→ Dataset entries
◇ ◇ ◇ ◇
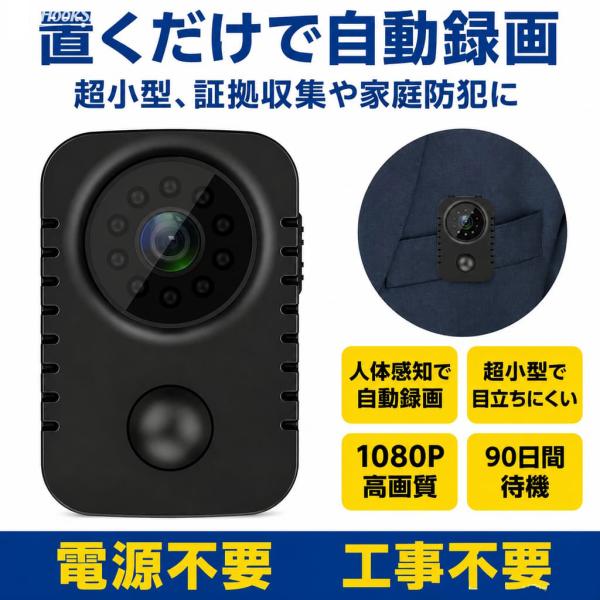 防犯カメラ セット 超小型 動き 検知 屋内 監視カメラ 高画質 駐車場 車庫 簡単操作 電源不要 家庭用 自動録画 録音 持ち運び 携帯 敬老の日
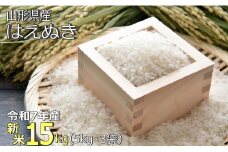 【令和7年産新米】山形県産「はえぬき」15kg_A189(R7)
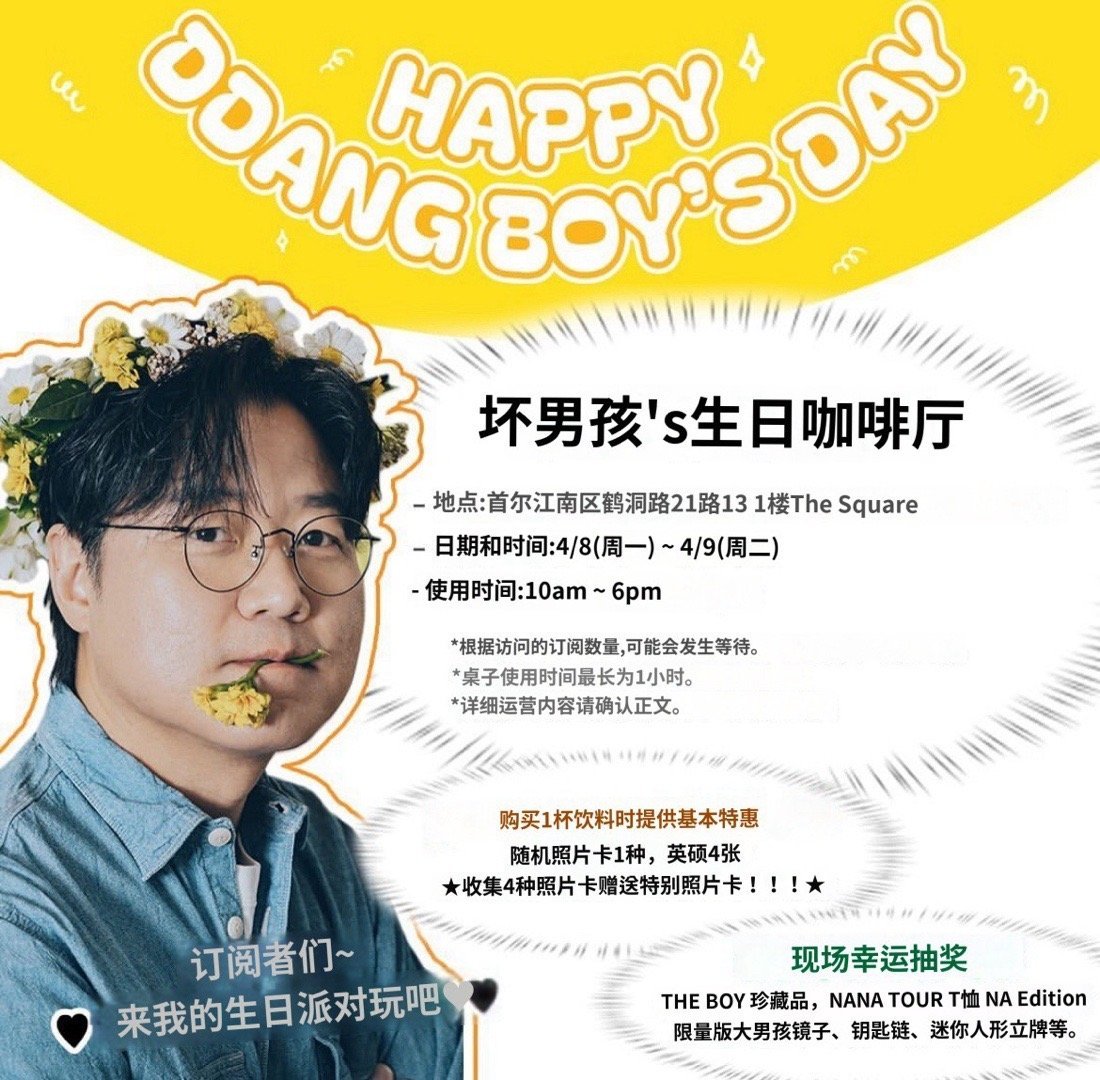 罗pd生日还有线下应援店…哈哈哈哈哈哈哈哈哈哈“坏男孩的生日咖啡店”哈哈哈哈哈哈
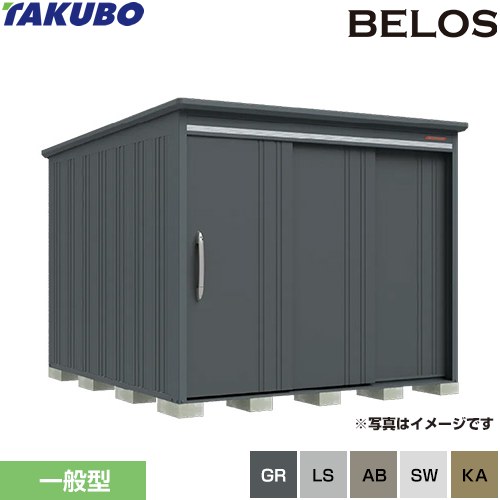 [B-2530] BELOS B-series タクボ 物置 背面棚タイプ 扉タイプ：片引き 標準屋根 一般型 【送料無料】【大型重量品につき特別配送】【代引不可】｜家電と住宅設備の【ジュプロ】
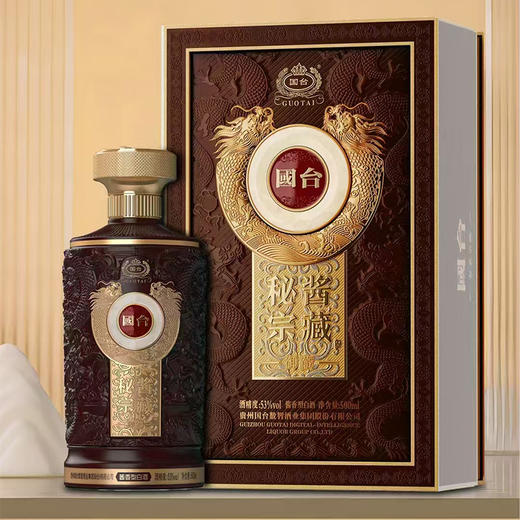 【积分抵钱花】国台 秘酱宗藏 酱香型 53度 500ml 商品图1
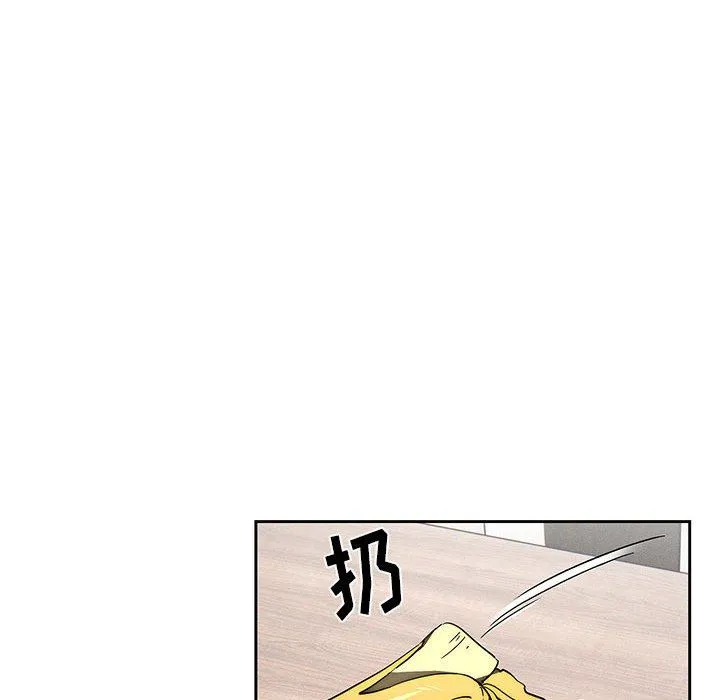 疫情下的家教生活 - 第53话 - page 74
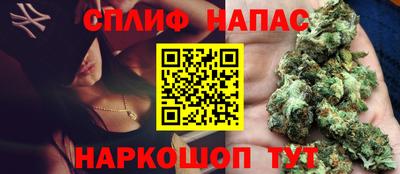 не бодяженный Краснокаменск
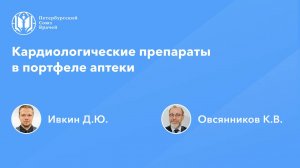 Фармработникам: Кардиологические препараты в портфеле аптеки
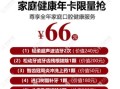 尤瑟夫卡诊所攻略（探索尤瑟夫卡诊所，享受健康服务）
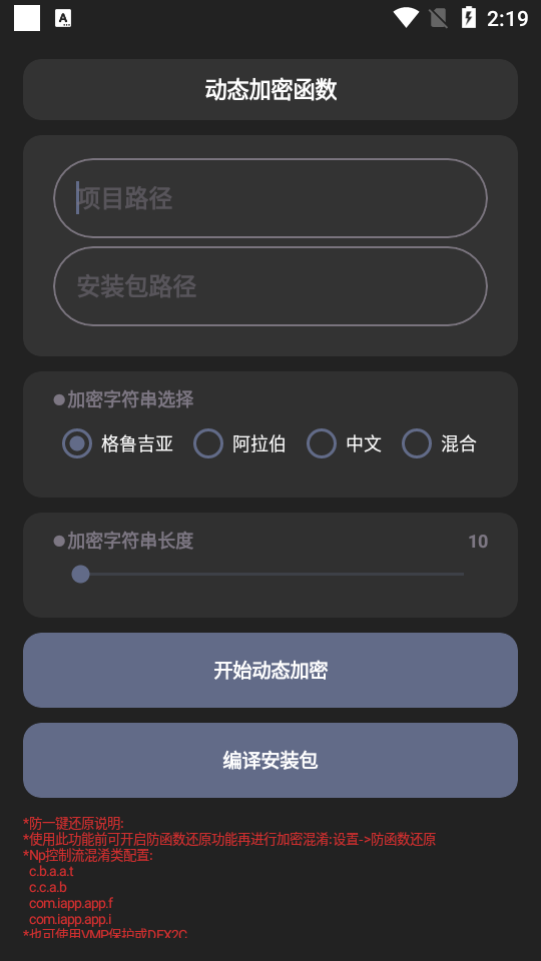 iAp开发者助手app v1.5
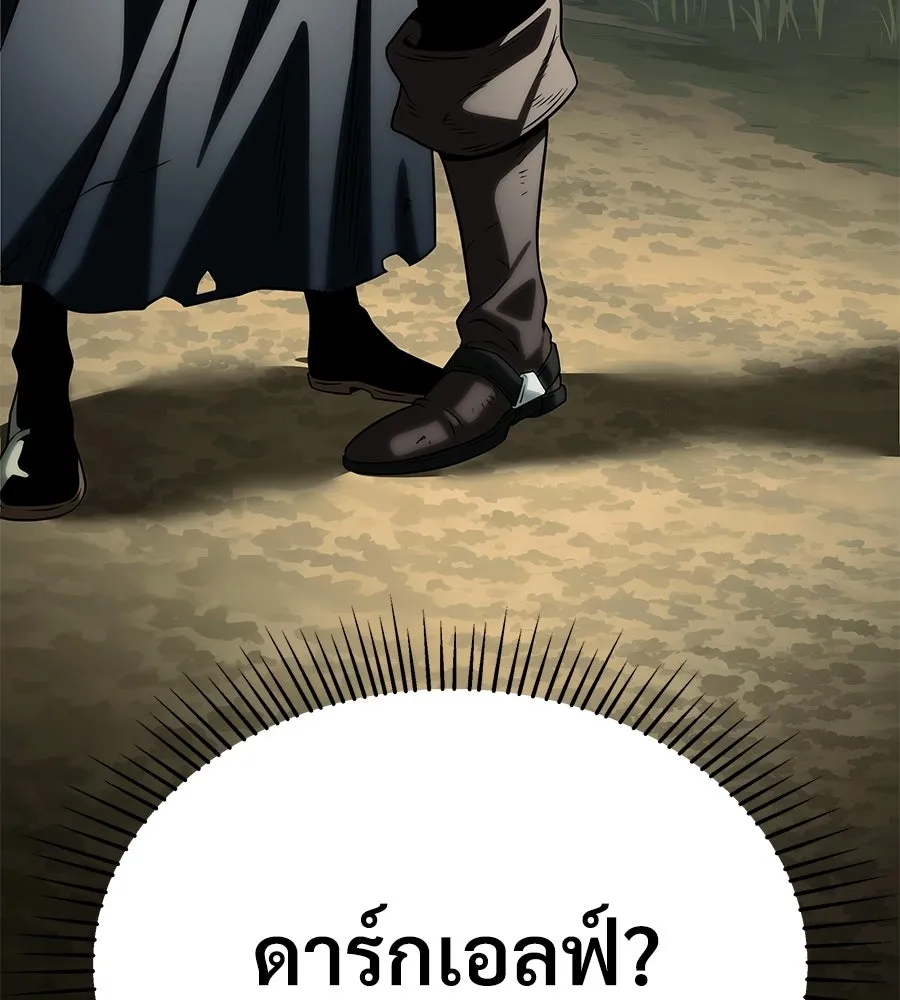 จอมเวทคนเลี้ยงแกะ ตอนที่ 11 รูปที่ 41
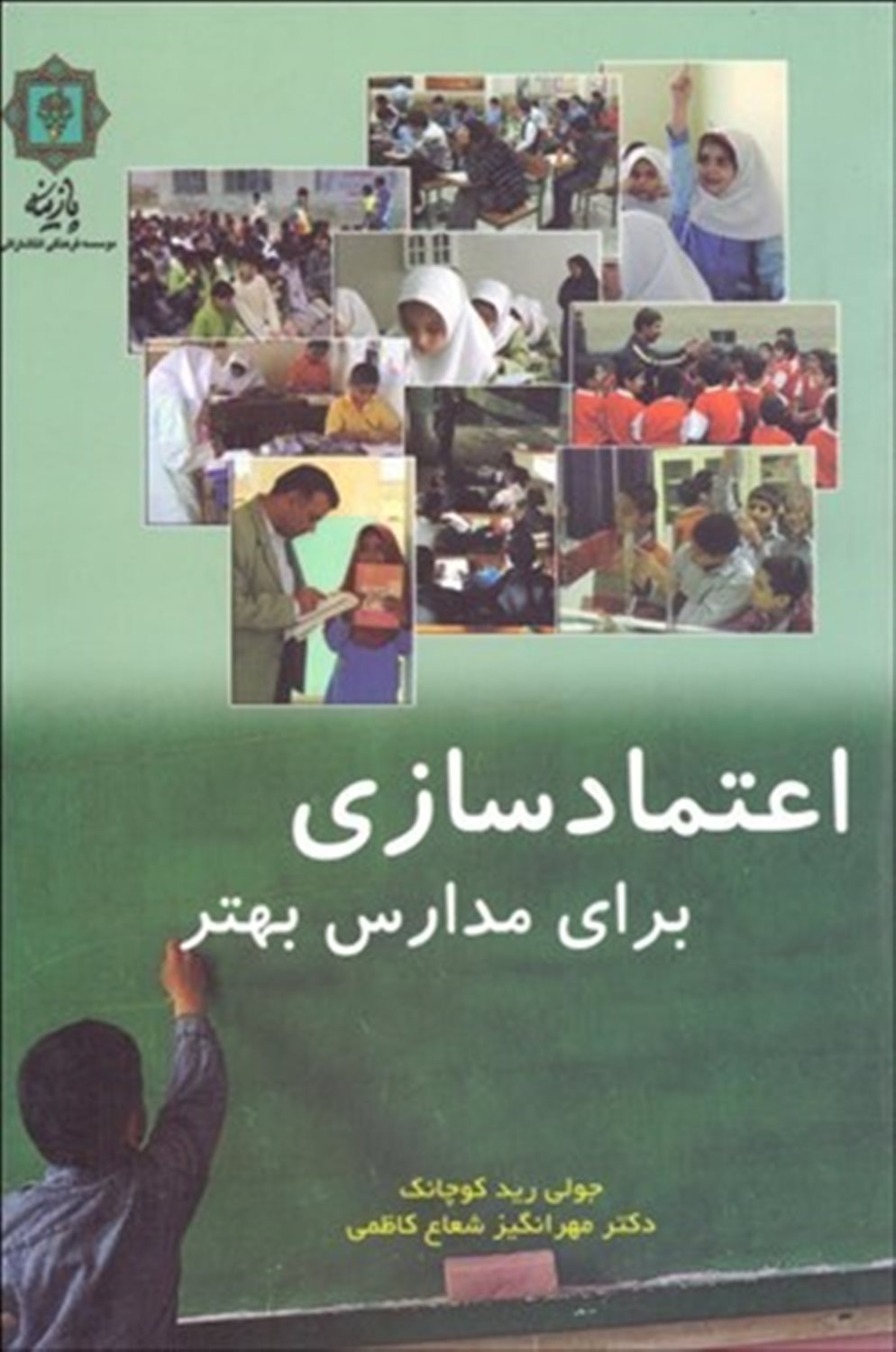 اعتمادسازی برای مدارس بهتر
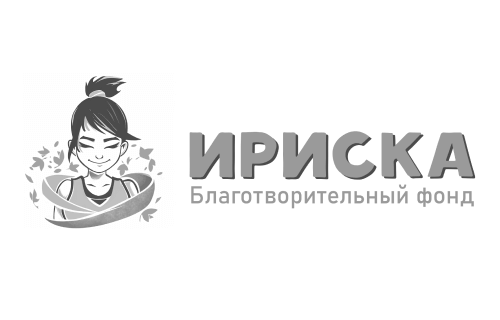 Благотворительный фонд «Ириска»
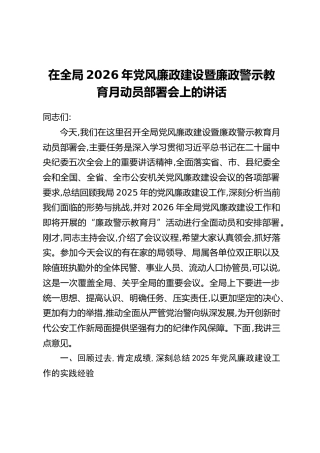在全局2026年党风廉政建设暨廉政警示教育月动员部署会上的讲话（2）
◇ ◇ ◇ ◇
→ ASSIGNED TASK
Return verbatim every line from the one holding "[B-2530] BELOS B-series" to the end of the records above. Do not copy the pictures.

→ RESPONSE TO THE TASK
 [B-2530] BELOS B-series タクボ 物置 背面棚タイプ 扉タイプ：片引き 標準屋根 一般型 【送料無料】【大型重量品につき特別配送】【代引不可】｜家電と住宅設備の【ジュプロ】
 【积分抵钱花】国台 秘酱宗藏 酱香型 53度 500ml 商品图1
 疫情下的家教生活 - 第53话 - page 74
 не бодяженный Краснокаменск
 Фармработникам: Кардиологические препараты в портфеле аптеки
 尤瑟夫卡诊所攻略（探索尤瑟夫卡诊所，享受健康服务）
 iAp开发者助手app v1.5
 จอมเวทคนเลี้ยงแกะ ตอนที่ 11 รูปที่ 41
 اعتمادسازی برای مدارس بهتر
 Благотворительный фонд «Ириска»
在全局2026年党风廉政建设暨廉政警示教育月动员部署会上的讲话（2）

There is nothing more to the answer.